Sean has collected some seeds from his red Acer and I am hoping to sow them and raise a couple of saplings. I have looked online for help with the propagation and it looks quite difficult but I am keen to have a go.
This is another photograph taken by Glenn and Laura that was chosen by the BBC for the Weather watch spot.
I bought this plant today on impulse and after reading up on it I think it may be aptly named. It caught my eye initially because of its structure and colour, then the cephalus element of it’s name intrigued me too.

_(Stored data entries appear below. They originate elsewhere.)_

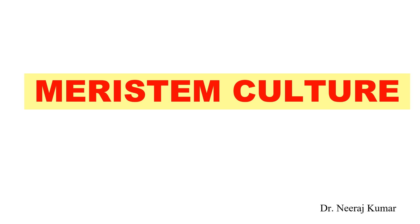Hello everyone. In this video I will discuss Meristem culture: what is Meristem culture, how you will perform the Meristem culture, and its applications. This Meristem culture is also known as Shoot Tip culture.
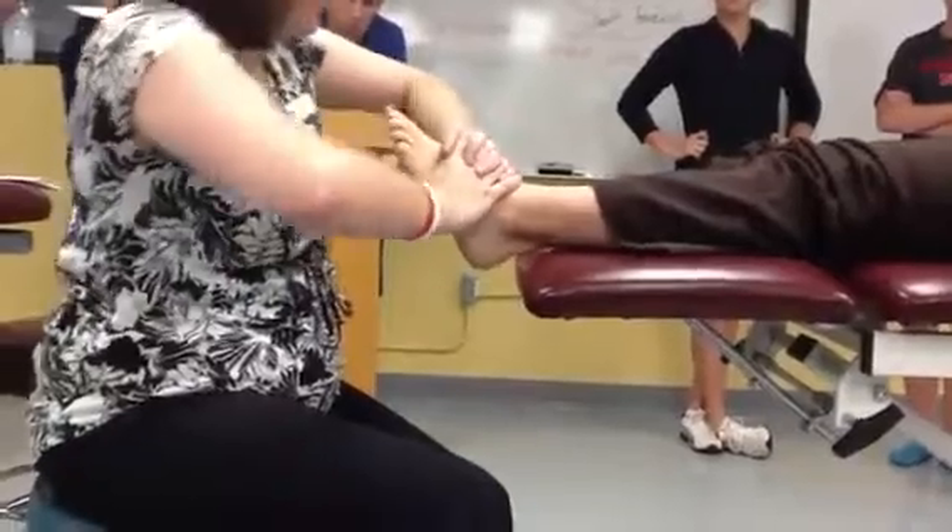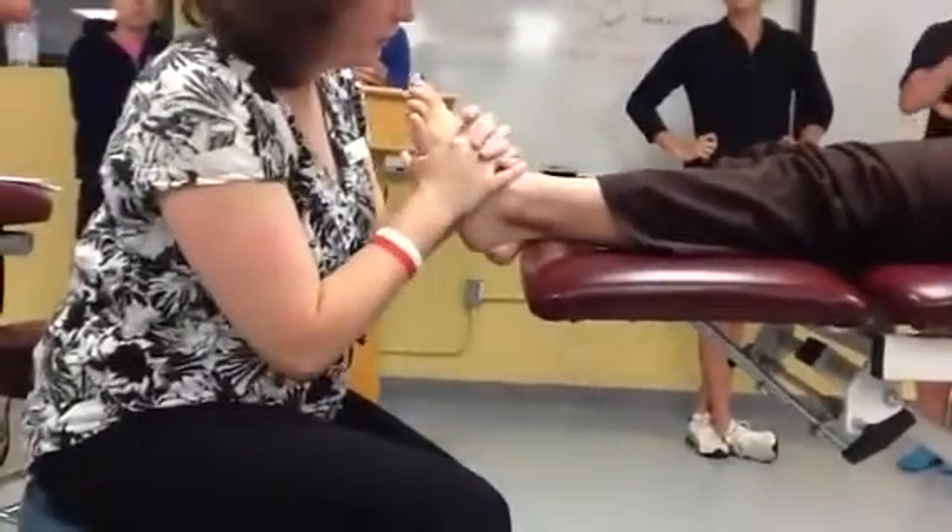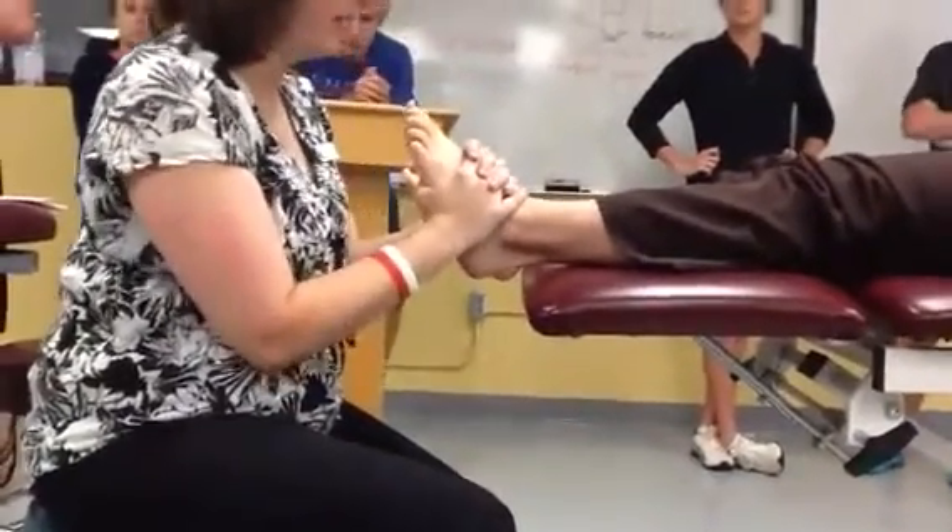You don't want biomechanically to be out here. So you're going to lace your fingers on the anterior aspect and grab around the foot.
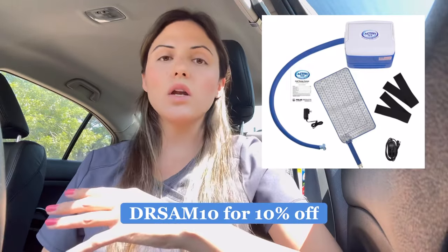Active Wrap is a great ice pack that stays cold for a very long time. My favorite ice machine brand is Polar Active Ice — I've done a review video on that, and I have a 10% off coupon code as well. Ordering from their websites directly is beneficial because you have customer service available if anything goes wrong with the product.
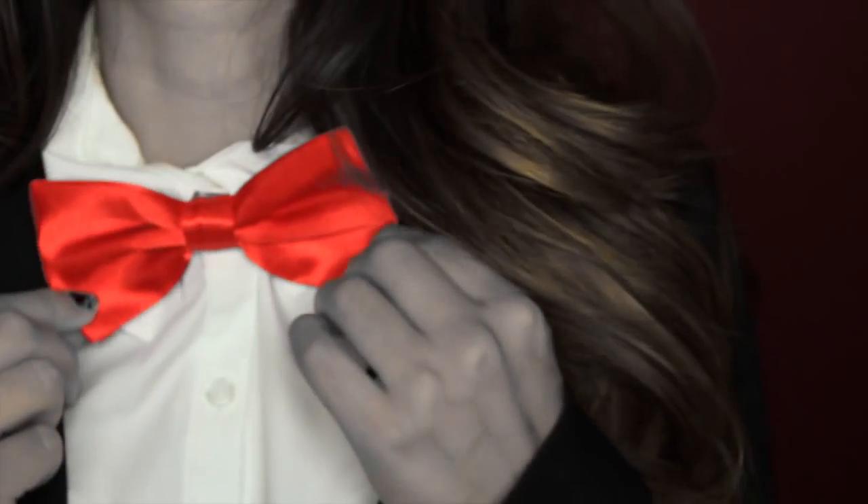I want to play a game! Before I start, I'm going to tie my hair up so it doesn't get in the way.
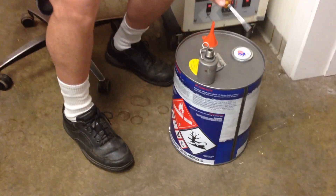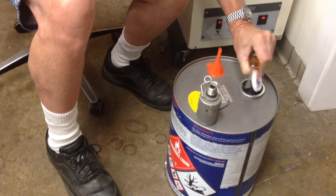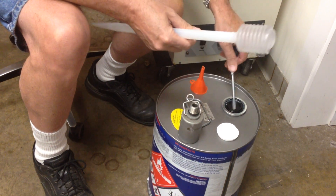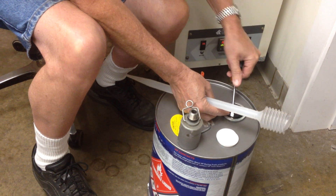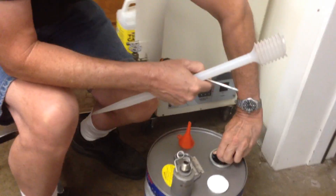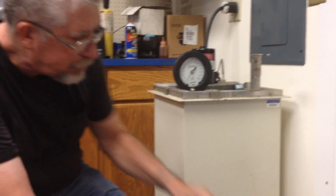This is a sealed pail of C14 Plus. We're going to test the re-vapor pressure. This has a RVP rating of 5.5 PSI. This is a Kohler RVP test machine. It's up to 100 degrees Fahrenheit and the test bomb is preheated to 100 degrees.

(Leucophyta brownii is endemic to the southern coast of Australia, occuring amongst sand dunes and in rock crevices in exposed coastal cliffs. It forms a small compact bush with striking silver foliage in a mass of tangled wiry branchlets. The leaves have been reduced to scale-like hairs that are aligned flat against the stems giving the plant a strange skeletal and ghost-like presence. In late spiring and summer has a mass of silver button-like buds that open to small speherical yellow flowers. It prefers an alkaline and well-drained soil. It is a familiar plant in New Zealand, Australia and California where it tolerates salt, severe winds, drought and mild frosts but its sensitivity to hard frosts has restricted its use somewhat in the UK . It is not completely hardy.) definitely a challenge.

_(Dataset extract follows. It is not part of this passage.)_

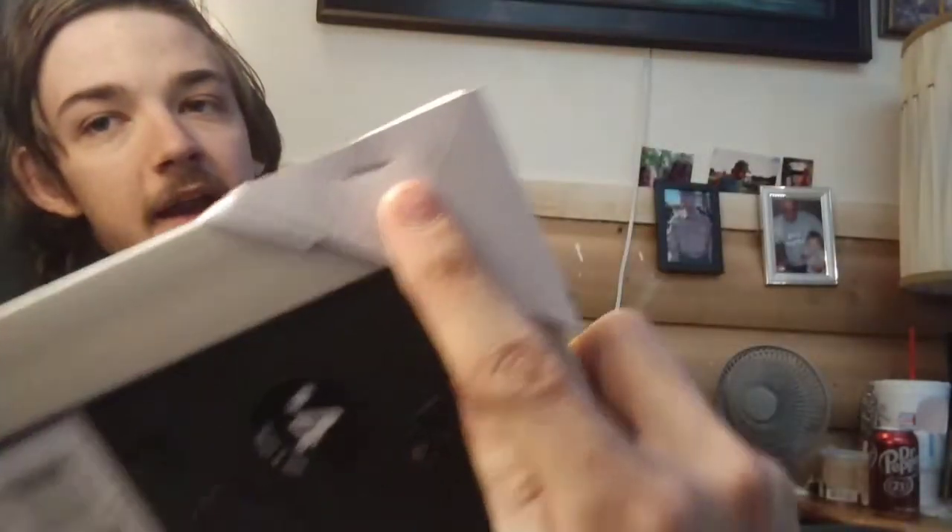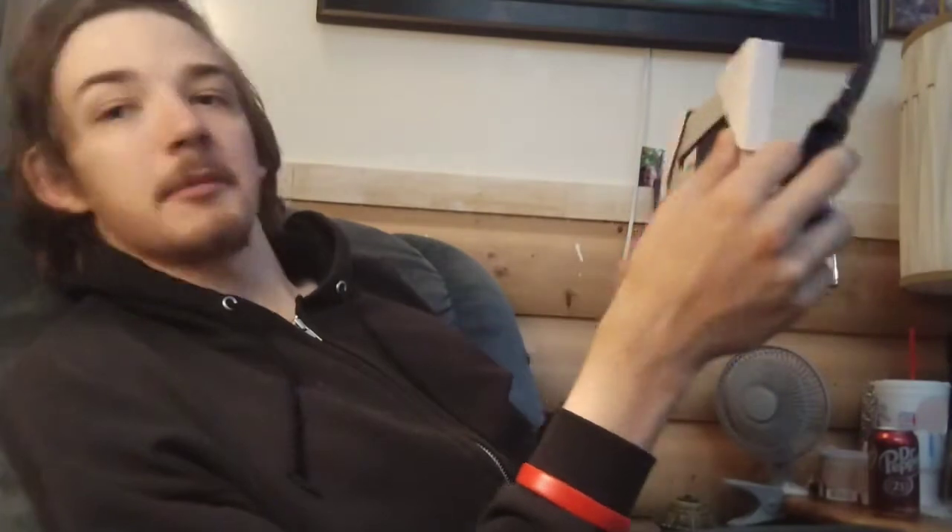These things are stapled on there with these fat staples and I'm using a Leatherman rebar to get these staples out. Not sponsored by Leatherman — it's doing a great job though.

I have been taking stock of the Clematis in the garden and reading up about how to prune or propagate them. Softwood cuttings are best taken between April and June from the mid-sections of strongly growing vines. The tips will be too soft and the lower parts may be too woody. Prepare the selected section of vine by cutting through it immediately above a leaf joint and again about 3-4cm below the same node. Remove the excess foliage to reduce moisture loss. Insert the cutting into compost up to the leaf joint. Label the pot and water it gently. Cover the surface of the compost with grit to deter slugs and retain moisture. Place in a well-lit area out of direct sunlight and maintain a humid atmosphere by covering with polythene or a propagator. Bottom heat will aid rooting but is not essential. Rooting should occur in four weeks. Pot up seperately when rooted but if they are not ready by late summer delay the job until next spring and grow the cuttings on for another year before planting out.

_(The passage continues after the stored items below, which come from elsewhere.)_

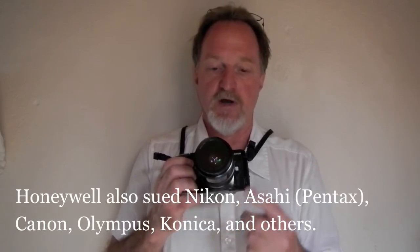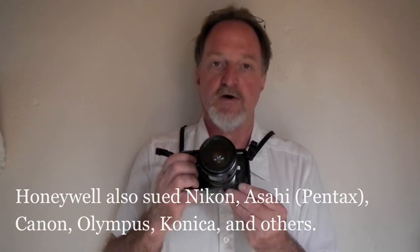Minolta was also sued by Honeywell for some of what went into the autofocus. There were some earlier autofocus cameras and motorized film advance, but this was the first production camera to feature both.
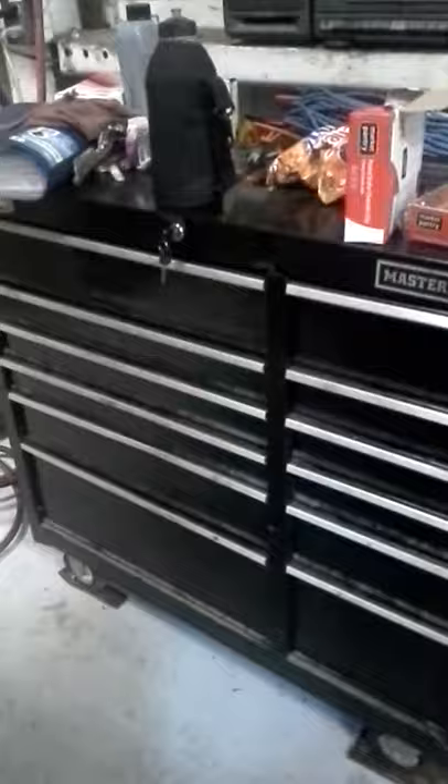We're going to do a quick tour of my US General 5-drawer cart. I also have the 42-inch top and bottom — that'll be a different video. And then I've got a Masterhand from Tractor Supply Company — that'll be a completely separate video if I ever decide to make one. Don't recommend that box at all.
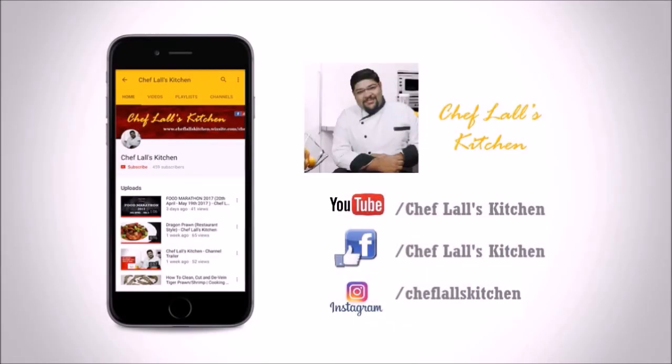If you have not subscribed to my channel yet, click on the subscribe button and tap on this bell icon to get notified whenever a new episode is out.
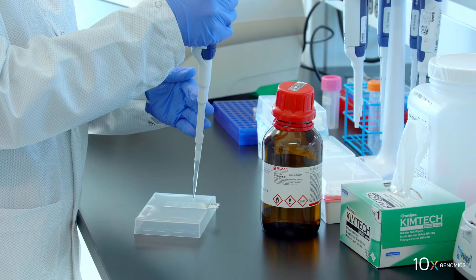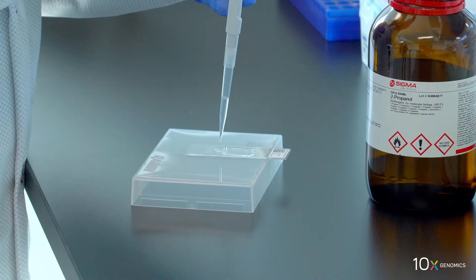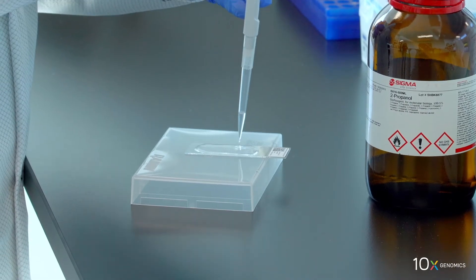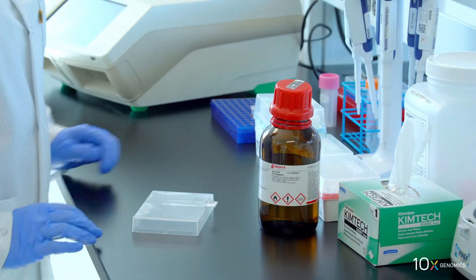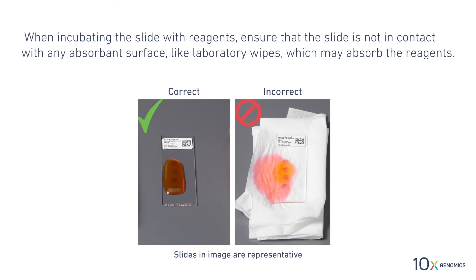Add 500 microliters of isopropanol to the slide to uniformly cover all tissue sections. Keep the slide flat on the bench when adding reagents to the active surface. Incubate for one minute at room temperature. When incubating the slide with reagents, ensure that the slide is not in contact with any absorbent surface.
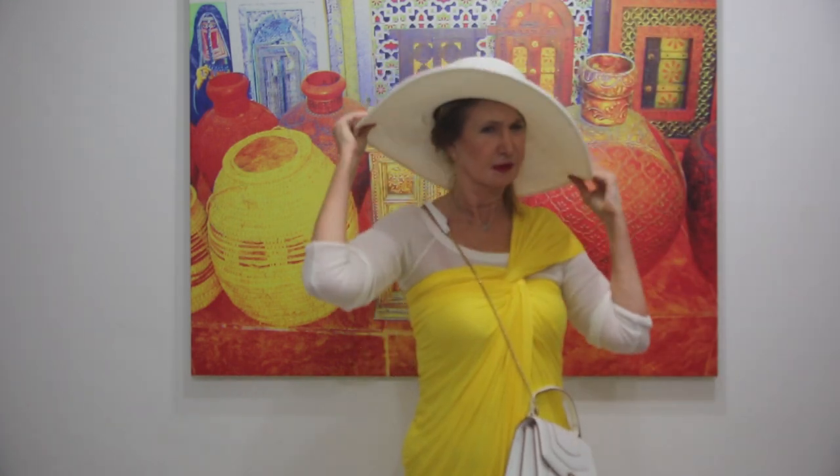Ladies, you can add the small bag to this dress. It will look very pretty. And also, you can add the hat.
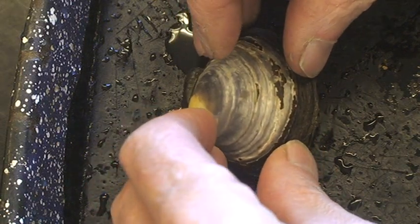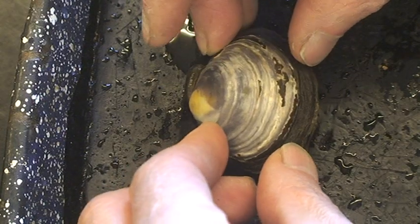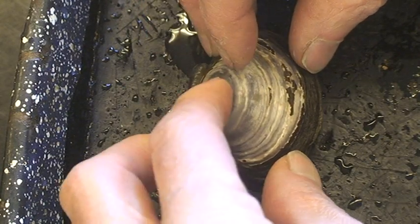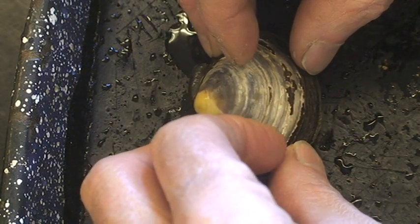I want to show you the dissection of a clam, what the body is like inside of a clam. Of course, this is a member of Phyla Mollusca, it's a mollusk, and this particular clam is one that is easily available from the grocery store.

I planted another rose in a large pot today. It is Rosa Arthur Bell, a beautiful fragrant yellow rose. I planted some yellow tulip bulbs around it. Tulip Yokohama. I also popped in a few small bulbs, Brodiaea.
Yesterday, 13th October, Laura and Glenn harvested the pears. Despite having had a blight of European Pear Rust on the leaves, we had a very good result from the Discovery. The Red Williams and the Beurre Hardy however didn’t give us any fruit worth a mention.
European Pear Rust – On pears Bright orange spots on the upper leaf surface. As summer progresses brown, gall-like outgrowths develop on the corresponding lower leaf surface. Fruit may be affected, but this is much less common. This fungus attacks both pears and junipers. In fact it needs both plants in order to complete its life cycle. Another reason for the removal of the enormous fir tree from the side garden.
I had just about decided to stop gardening today and have a rest when the postman delivered 72 tiny perennial plants I had ordered from T&M. On opening them I could see that they were good healthy seedlings and well worth the £2.99 that I had paid for them. They were, however, in need of potting on. They are now all in new pots. The plants were sold as “lucky dip” so discovering what was in there was exciting. There were six each of Cone Flower, Sea Holly, Dianthus, Thrift, Geum, Foxglove, Aquilegia, Delphinium, and more.
Glenn and Laura have had one of their photographs chosen for the BBC Weather Watch site. It has been used as a back drop for the local weather forecast.